The packer actuator assembly includes a removable upper subassembly 12 and a main body subassembly 14 described subsequently. The actuator assembly controls passage of fluid to and from packer 16 to set and unset the packer against the interior wall of casing 6. The lower plug assembly 18 is disposed beneath packer 16, and is utilized during the setting and unsetting operation.

Upper sub assembly 12 includes a top sub 20 interconnected to tubing 10 by a plurality of threaded set screws 22. Top sub 20 includes a fishing neck portion 24 for receiving a conventional fishing tool under circumstances described subsequently. The top sub is threaded at 26 for engagement with an upper pilot sub 28 carrying a plurality of collet fingers 30. Outer sleeve 32 is threaded at 33 for engagement with the upper pilot sub 28, and houses piston 34 having an upper surface 36 and a lower surface 38. A lower pilot sub 40 is threaded at 42 for engagement with sleeve 32. When lowering the assembly shown in FIG. 1, 1A, 1B and 1C in the well, subassembly 12 is interconnected to main body subassembly 14 since collet fingers 30 are prevented from moving radially outwardly because of piston 34 which is secured in position by a shear screw 60. The ends of collet fingers 30 thus engage surface 44 of upper sub 46 to prevent axial movement of subassembly 12 relative to subassembly 14.

Upper sub 46 is threaded at 48 to collar 50, which in turn is threaded at 52 to elongate sleeve 54 of subassembly 14. Upper sub 46 includes a fishing neck portion 56 and a ball seat 58 whose function is described subsequently. Slidable piston 34 is normally fixed relative to upper sub 46 by shear pin 60.

The lower end of sleeve 54 is threaded at 57 for engagement with intermediate sub 59, which in turn is threaded at 61 for engagement with sleeve 62. Ball seat 170 covers radial ports 178 in intermediate sub 59. Retainer 174 is sandwiched between sub 59 and sleeve 62, and shear pins 172 interconnect the retainer and the ball seat. Seals 180 provide sealed engagement between ball seat 170 and sub 59. As explained hereafter, ball 176 seats on surface 180, and fluid pressure above the ball shears pins 172, thereby allowing fluid to pass through port 178 in sub 59 and out port 140. The majority of sleeve 54 is protected within housing 64 having an end portion 66 in sliding engagement with the outer surface of sleeve 54.

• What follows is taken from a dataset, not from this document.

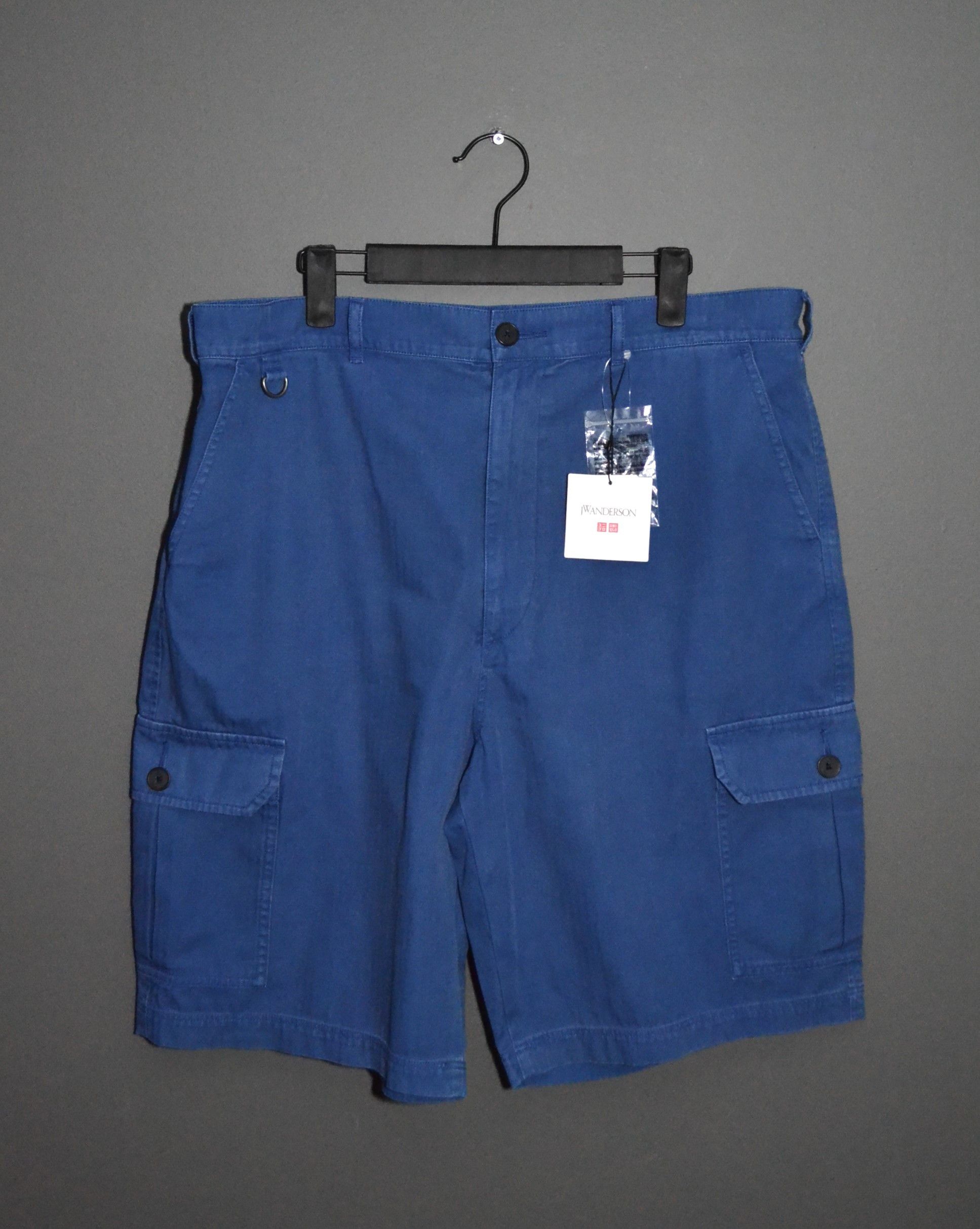 JW Anderson × Uniqlo J.W. Anderson Cargo Shorts Twill Cotton NEW L Size US 34 / EU 50 - 2 Thumbnail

Housing 64 is threaded at 68 for engagement with pin sub 70, which in turn is threaded at 72 for engagement with lower sub 74. Upward movement of intermediate sub 59 relative to housing 64 is normally prevented by shear pin 75, which interconnects the intermediate sub 59 and the pin sub 70. Lower sub 74 is threaded at 78 to piston sub 80, which in turn is threaded at 82 to upper packer sub 84. Poppet valve 76 is housed between the lower sub 74 and the sleeve 62, and is normally held in the sealed position by a coil spring 88. Slidable piston 90 has an upper piston surface 92 and a lower piston surface 94, and is normally axially secured relative to piston sub 80 by shear pin 96.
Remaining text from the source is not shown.